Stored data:
--------------------------------

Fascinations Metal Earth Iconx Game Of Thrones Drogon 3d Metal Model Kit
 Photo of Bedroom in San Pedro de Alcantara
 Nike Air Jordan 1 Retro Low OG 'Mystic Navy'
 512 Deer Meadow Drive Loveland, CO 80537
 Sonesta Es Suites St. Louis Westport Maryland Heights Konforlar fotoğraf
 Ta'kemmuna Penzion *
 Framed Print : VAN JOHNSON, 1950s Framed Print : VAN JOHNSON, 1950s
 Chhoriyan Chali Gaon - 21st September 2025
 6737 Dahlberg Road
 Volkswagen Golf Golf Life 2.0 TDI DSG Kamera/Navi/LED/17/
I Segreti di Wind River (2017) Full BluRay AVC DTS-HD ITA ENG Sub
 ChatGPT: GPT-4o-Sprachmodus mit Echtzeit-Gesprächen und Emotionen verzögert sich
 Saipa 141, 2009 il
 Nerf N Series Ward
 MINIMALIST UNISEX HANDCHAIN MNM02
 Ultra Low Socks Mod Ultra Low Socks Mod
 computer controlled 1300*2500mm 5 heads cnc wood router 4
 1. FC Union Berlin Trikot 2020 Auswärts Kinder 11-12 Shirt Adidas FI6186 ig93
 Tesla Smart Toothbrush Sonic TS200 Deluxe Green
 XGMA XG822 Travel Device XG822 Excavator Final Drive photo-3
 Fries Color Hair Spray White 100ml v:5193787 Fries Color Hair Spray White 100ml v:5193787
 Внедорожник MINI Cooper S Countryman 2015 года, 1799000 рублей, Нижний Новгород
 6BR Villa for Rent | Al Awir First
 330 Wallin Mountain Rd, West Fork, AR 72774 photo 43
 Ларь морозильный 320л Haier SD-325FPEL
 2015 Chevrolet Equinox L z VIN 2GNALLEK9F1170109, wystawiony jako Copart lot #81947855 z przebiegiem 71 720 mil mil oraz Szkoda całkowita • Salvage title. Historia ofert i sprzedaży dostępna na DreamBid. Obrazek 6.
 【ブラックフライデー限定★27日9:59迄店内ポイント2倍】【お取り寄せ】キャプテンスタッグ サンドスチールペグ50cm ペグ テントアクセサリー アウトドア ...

--------------------------------

WHAT TO WORK ON:
Please state the number of lines above that hold the string "Drive", with nothing else added.

PROBLEM SOLUTION:
2